On 11.07.2011 14:36, Markus Jelsma wrote:
On Monday 11 July 2011 14:28:31 Marek Bachmann wrote:
On 09.07.2011 19:20, Markus Jelsma wrote:
Score and fetch time if i'm not mistaken.
BTW: I am still not too familiar with the nutch scoring. It is a little
bit confusing, that the word "scoring" seems to be used for two things.
First, I think there is a score witch nutch calculates for each page,
based on the inlinks from other pages to this site.
Second, there is a scoring in Lucene for search request with is
calculated while performing a request.
Scoring is determined by your scoring plugin, if you use one, such as OPIC.
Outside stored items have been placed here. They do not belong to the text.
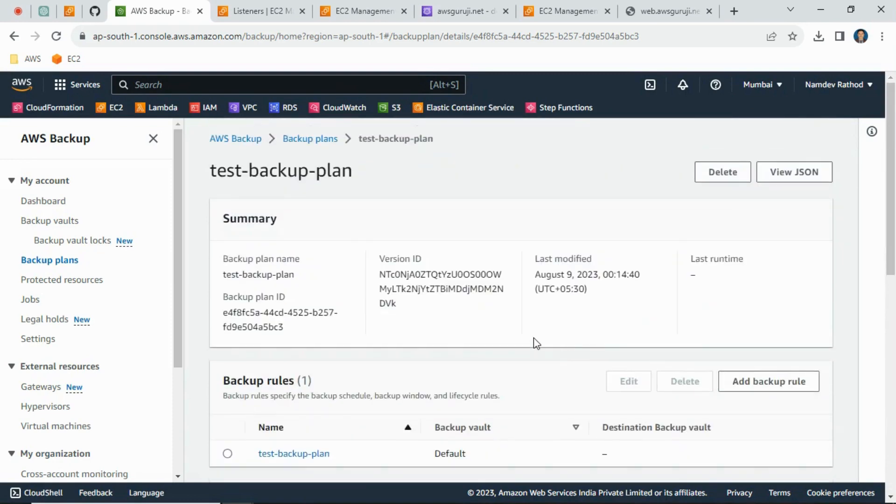So as you can see, we have successfully created the backup plan. So what will happen? It will take the daily backups of the EC2 instance as we have selected, and it will keep backup for last seven days with the retention period.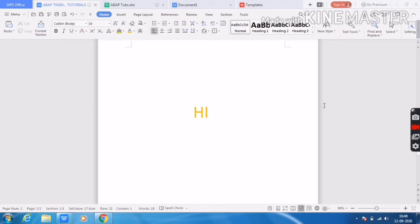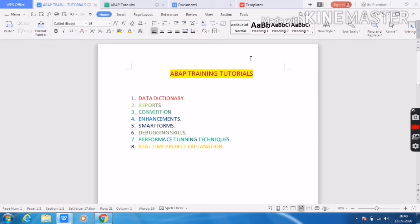I will show you my video content — what topics I am covering. This is the ABAP training tutorial. The first concept is Data Dictionary. Inside the Data Dictionary you have many concepts like database tables, views, type, table type, type group, search help, lock objects, etc. I will explain all of these with clear examples.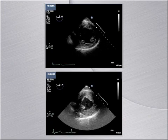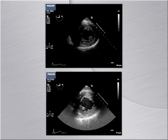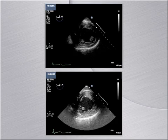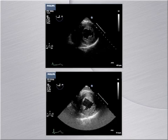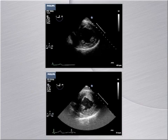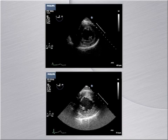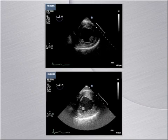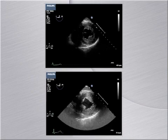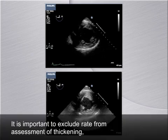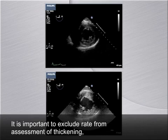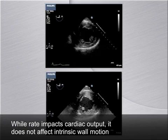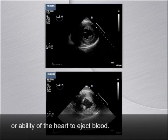These images both illustrate normal LV systolic function with normal wall motion and an ejection fraction visually estimated at greater than 55%. The slower heart rate in one image may lead to a false sense that it is less contractile. It is important to exclude rate from the assessment of thickening, contractility, and motion. While rate impacts cardiac output, it does not affect intrinsic wall motion or the ability of the heart to eject blood.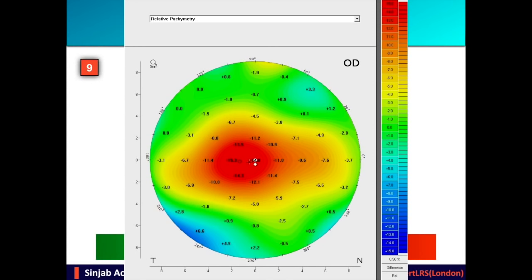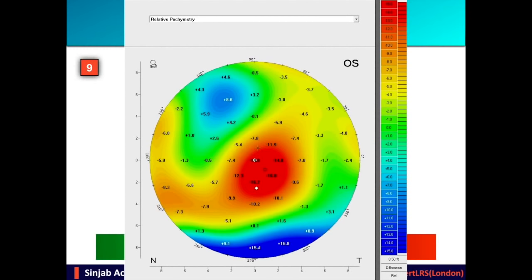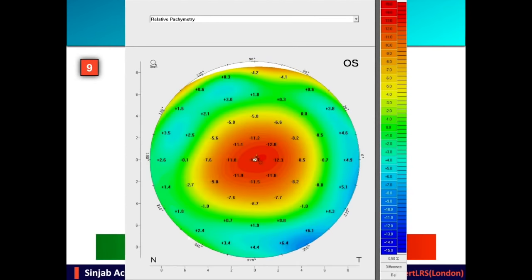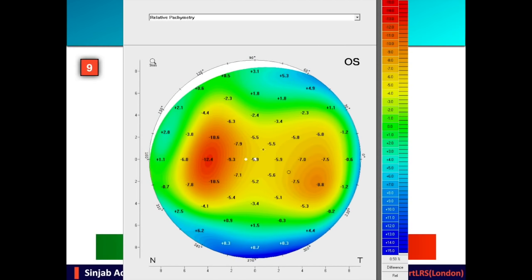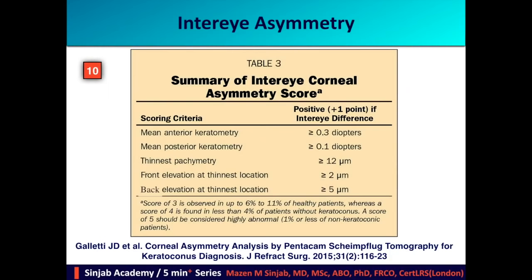Some patterns on the relative thickness map include keratoconus, which is irregular with a very thin cone shape. The disciform pattern is characteristic of post-myopic laser vision correction, while the annular pattern is characteristic of post-hyperopic laser vision correction. The last point of the PS3 system is inter-eye asymmetry, where we compare both eyes based on five parameters as shown in the table.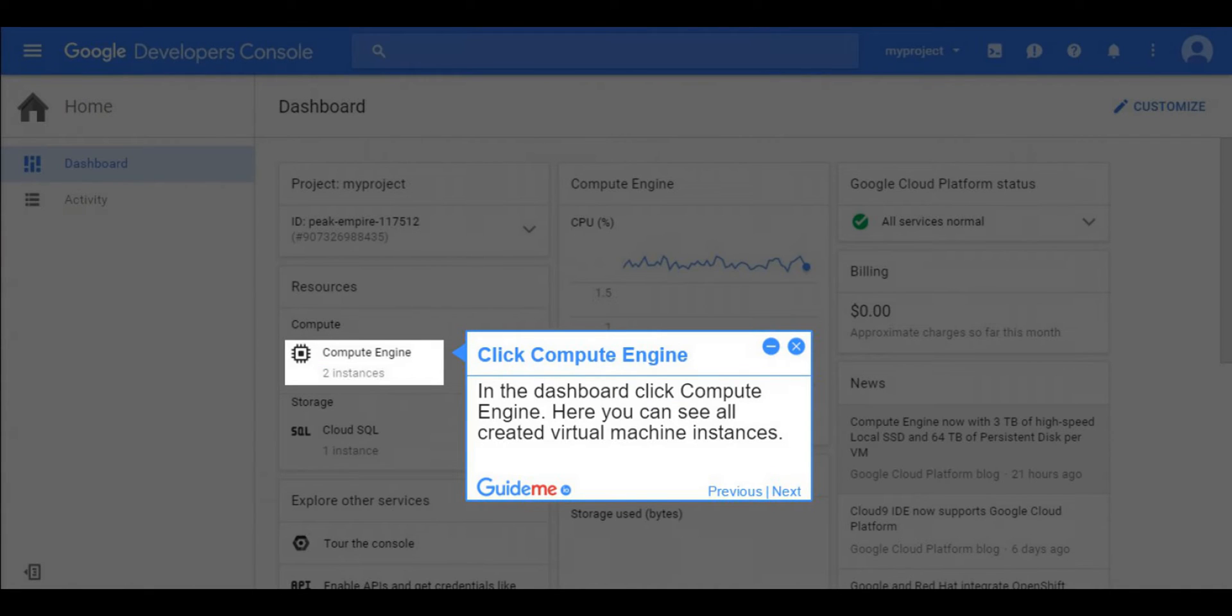Step 2, click compute engine. In the dashboard click compute engine. Here you can see all created virtual machine instances.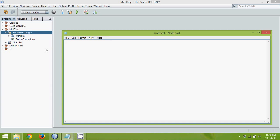Hello, hello guys this is Navin Reddy. In this tutorial we will talk about inner classes. So there is a concept called inner classes in Java.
It's not uncommon not to use scoring on the Nutch side. It has nothing to do
with Lucene scoring anymore.
Now it seems to me that the scoring, calculated by a scoring plugin, is
only used by the generator for selecting the urls?
In other words, if I index my fetched and parsed segments to solr, the
scoring values from the nutch plugins have no effects?
As you see by my imprecise questions, I am very confused about that.
Can somebody please confirm or correct me, if I am right with these thesis?
Furthermore, can someone explain or give some resources of "the crawl
time scoring" is performed in nutch?
That do you mean by `the crawl time scoring` ?
Yes, I mean the scoring calculated by the nutch scoring plugin(s).
That would really help me
when we see: "Generator: Selecting best-scoring urls due for fetch"
What is the criteria for best scoring urls ?